Stored items from a collection:
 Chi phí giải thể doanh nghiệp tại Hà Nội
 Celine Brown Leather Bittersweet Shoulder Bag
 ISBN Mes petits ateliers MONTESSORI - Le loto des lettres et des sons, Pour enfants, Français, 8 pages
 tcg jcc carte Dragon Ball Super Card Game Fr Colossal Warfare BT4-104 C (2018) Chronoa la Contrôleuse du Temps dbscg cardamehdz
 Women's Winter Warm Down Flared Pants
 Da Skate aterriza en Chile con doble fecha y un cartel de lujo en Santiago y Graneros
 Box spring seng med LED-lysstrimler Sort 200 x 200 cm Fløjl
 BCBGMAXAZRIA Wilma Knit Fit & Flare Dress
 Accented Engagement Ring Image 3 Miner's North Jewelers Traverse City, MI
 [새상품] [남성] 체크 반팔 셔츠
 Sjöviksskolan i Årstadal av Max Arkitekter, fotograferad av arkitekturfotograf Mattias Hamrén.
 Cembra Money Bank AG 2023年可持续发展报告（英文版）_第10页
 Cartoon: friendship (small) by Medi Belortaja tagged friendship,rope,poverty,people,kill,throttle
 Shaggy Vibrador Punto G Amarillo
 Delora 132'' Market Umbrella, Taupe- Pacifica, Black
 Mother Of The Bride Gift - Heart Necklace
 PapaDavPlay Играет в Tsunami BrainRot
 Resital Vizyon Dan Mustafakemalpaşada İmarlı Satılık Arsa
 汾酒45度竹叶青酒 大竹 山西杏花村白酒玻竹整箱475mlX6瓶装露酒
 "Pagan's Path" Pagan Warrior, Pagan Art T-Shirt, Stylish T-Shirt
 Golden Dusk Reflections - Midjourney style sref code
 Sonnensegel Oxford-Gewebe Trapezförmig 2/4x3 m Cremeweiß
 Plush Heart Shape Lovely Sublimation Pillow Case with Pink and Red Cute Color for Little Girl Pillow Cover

Goal of the exercise -
Please return the lines above that run from the line containing "tcg jcc carte" to the line containing "PapaDavPlay Играет в Tsunami BrainRot", inclusive, exactly and with no other lines.

Written response -
 tcg jcc carte Dragon Ball Super Card Game Fr Colossal Warfare BT4-104 C (2018) Chronoa la Contrôleuse du Temps dbscg cardamehdz
 Women's Winter Warm Down Flared Pants
 Da Skate aterriza en Chile con doble fecha y un cartel de lujo en Santiago y Graneros
 Box spring seng med LED-lysstrimler Sort 200 x 200 cm Fløjl
 BCBGMAXAZRIA Wilma Knit Fit & Flare Dress
 Accented Engagement Ring Image 3 Miner's North Jewelers Traverse City, MI
 [새상품] [남성] 체크 반팔 셔츠
 Sjöviksskolan i Årstadal av Max Arkitekter, fotograferad av arkitekturfotograf Mattias Hamrén.
 Cembra Money Bank AG 2023年可持续发展报告（英文版）_第10页
 Cartoon: friendship (small) by Medi Belortaja tagged friendship,rope,poverty,people,kill,throttle
 Shaggy Vibrador Punto G Amarillo
 Delora 132'' Market Umbrella, Taupe- Pacifica, Black
 Mother Of The Bride Gift - Heart Necklace
 PapaDavPlay Играет в Tsunami BrainRot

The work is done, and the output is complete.